INFORMATION PROVIDED =
_ _ _
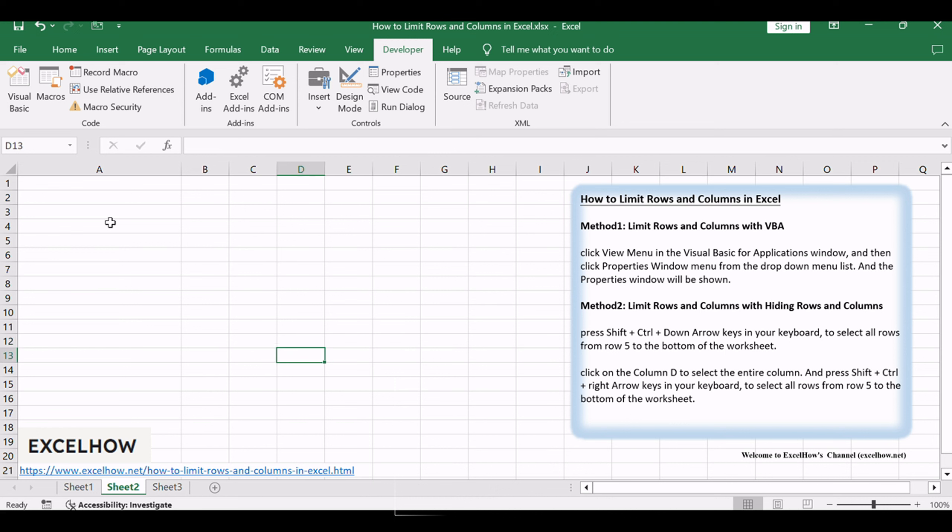For example, if you need to hide the rows and columns outside the range A1:C4, just do the following steps.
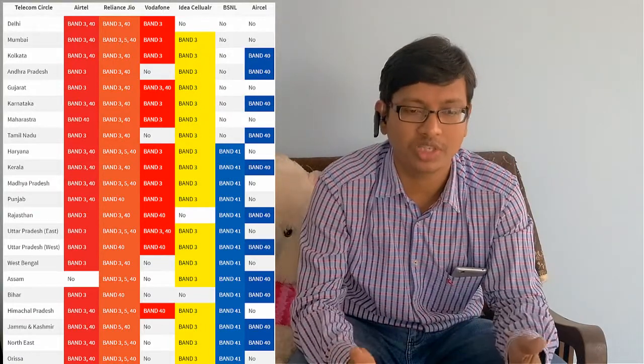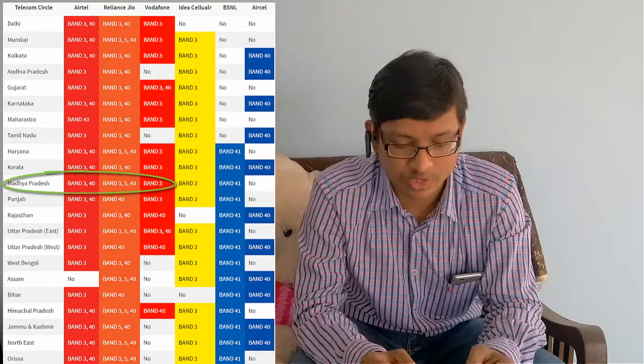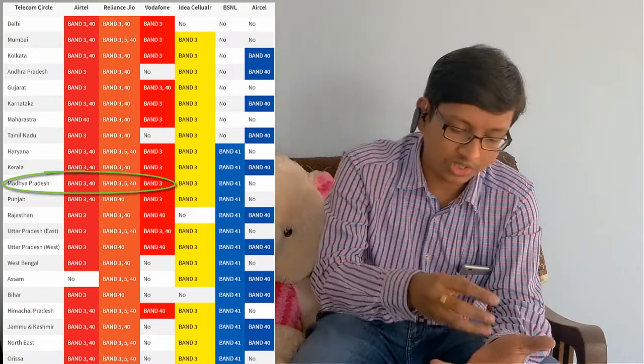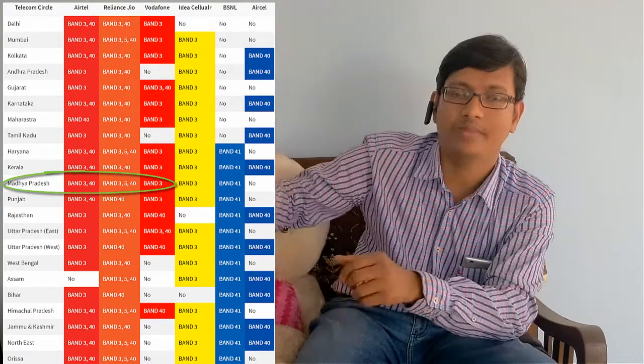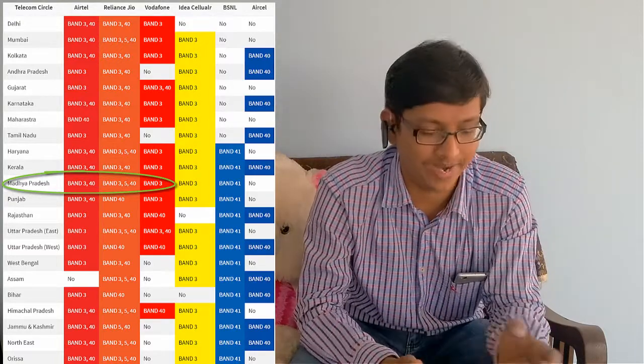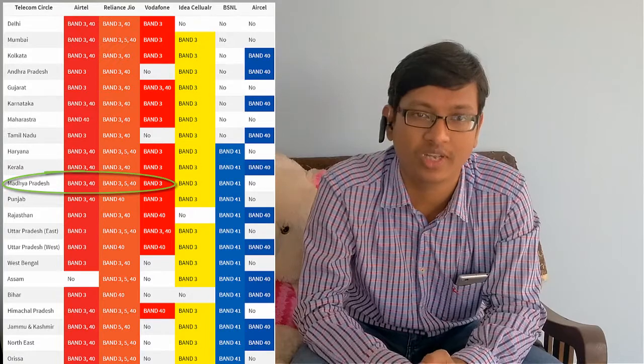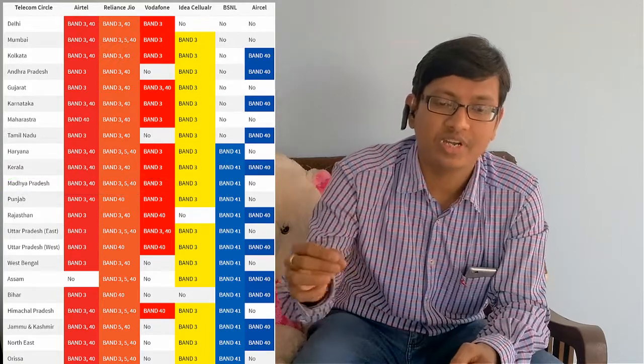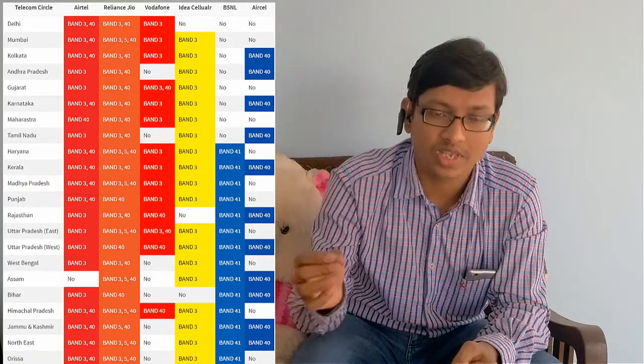Let's talk about Chhattisgarh — I am from Chhattisgarh. In Madhya Pradesh and Chhattisgarh, all 3 frequency bands have been acquired by Reliance Jio, so Reliance Jio has Band 3, Band 5, and Band 40 there. Similarly, different networks have different frequency bands in different states. The full list of frequency bands has been uploaded in the description below, so you can download the image and check which network has which frequency bands.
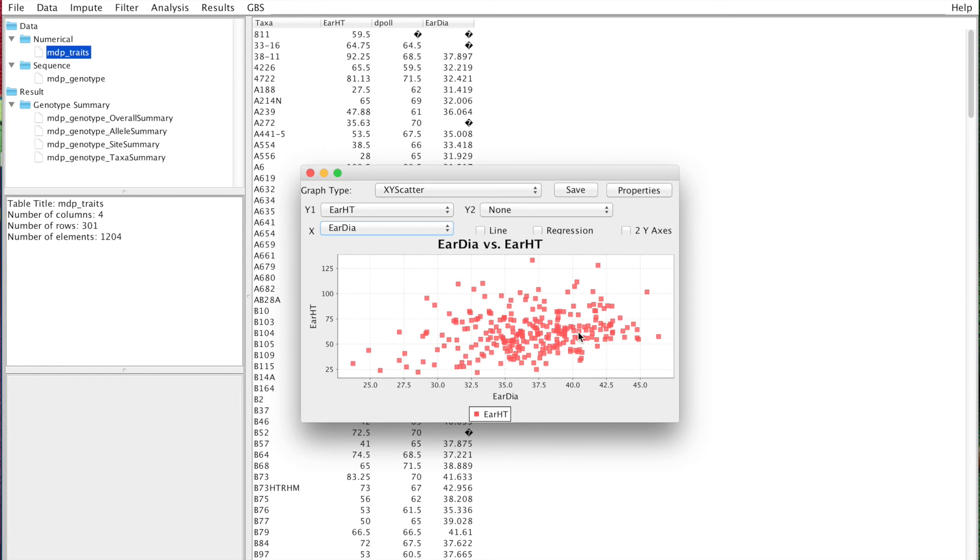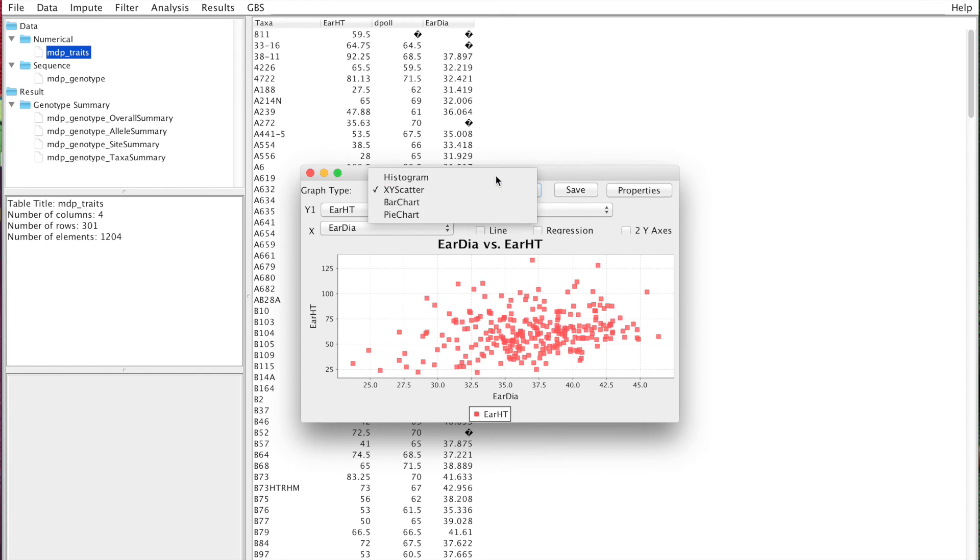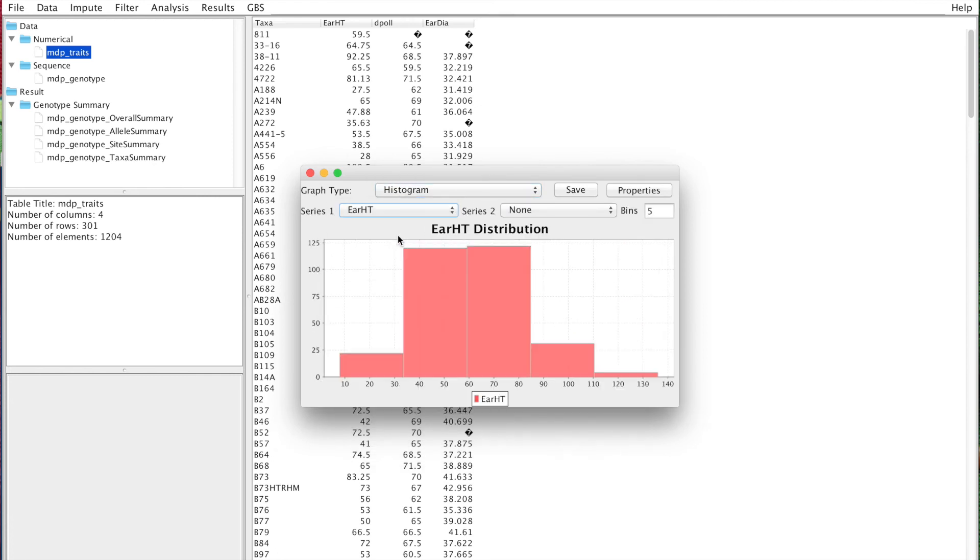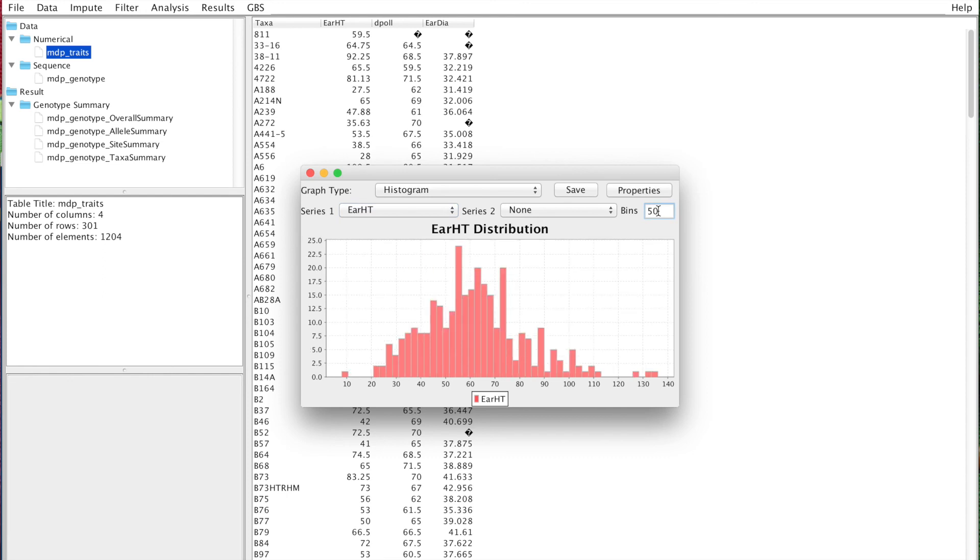the data is not normally distributed, and that's going to be really important. Here we can do a histogram of ear height. You can see that it's fairly well normally distributed, and that's going to have an impact in the downstream analysis.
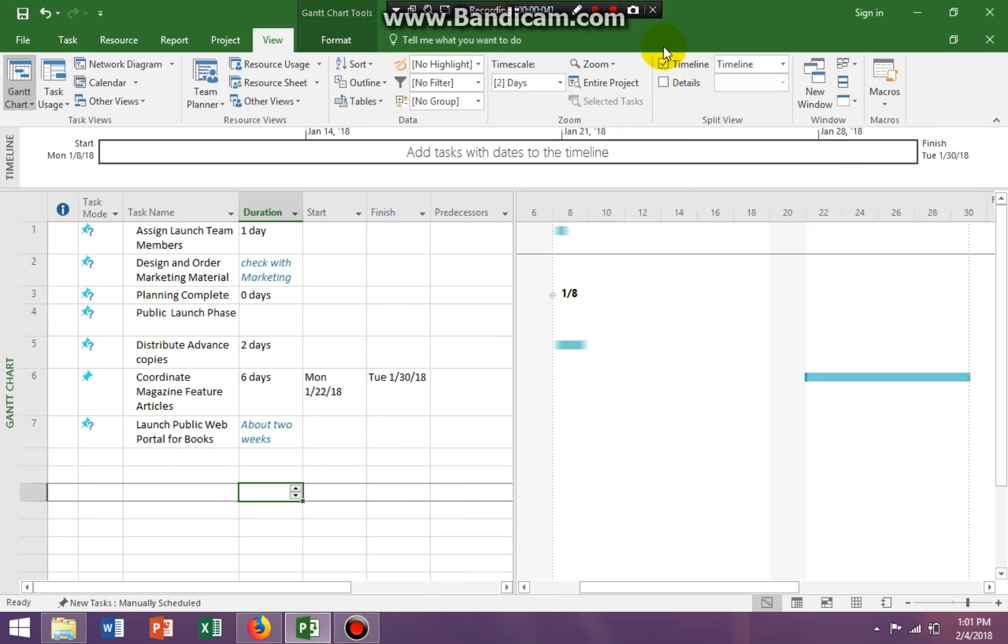Hello everybody, Miss D here. I'm here to talk about Project 2016 and I actually keyed in some of the information from page 70 in your step-by-step Microsoft Project 2016 book.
_ _ _
TASK DETAILS =
Leave out the pictures and restate, word for word, the lines from the top of the data through the line containing "the data is", both included.

ANSWER SECTION =
For example, if you need to hide the rows and columns outside the range A1:C4, just do the following steps.
Let's talk about Chhattisgarh — I am from Chhattisgarh. In Madhya Pradesh and Chhattisgarh, all 3 frequency bands have been acquired by Reliance Jio, so Reliance Jio has Band 3, Band 5, and Band 40 there. Similarly, different networks have different frequency bands in different states. The full list of frequency bands has been uploaded in the description below, so you can download the image and check which network has which frequency bands.
the data is not normally distributed, and that's going to be really important. Here we can do a histogram of ear height. You can see that it's fairly well normally distributed, and that's going to have an impact in the downstream analysis.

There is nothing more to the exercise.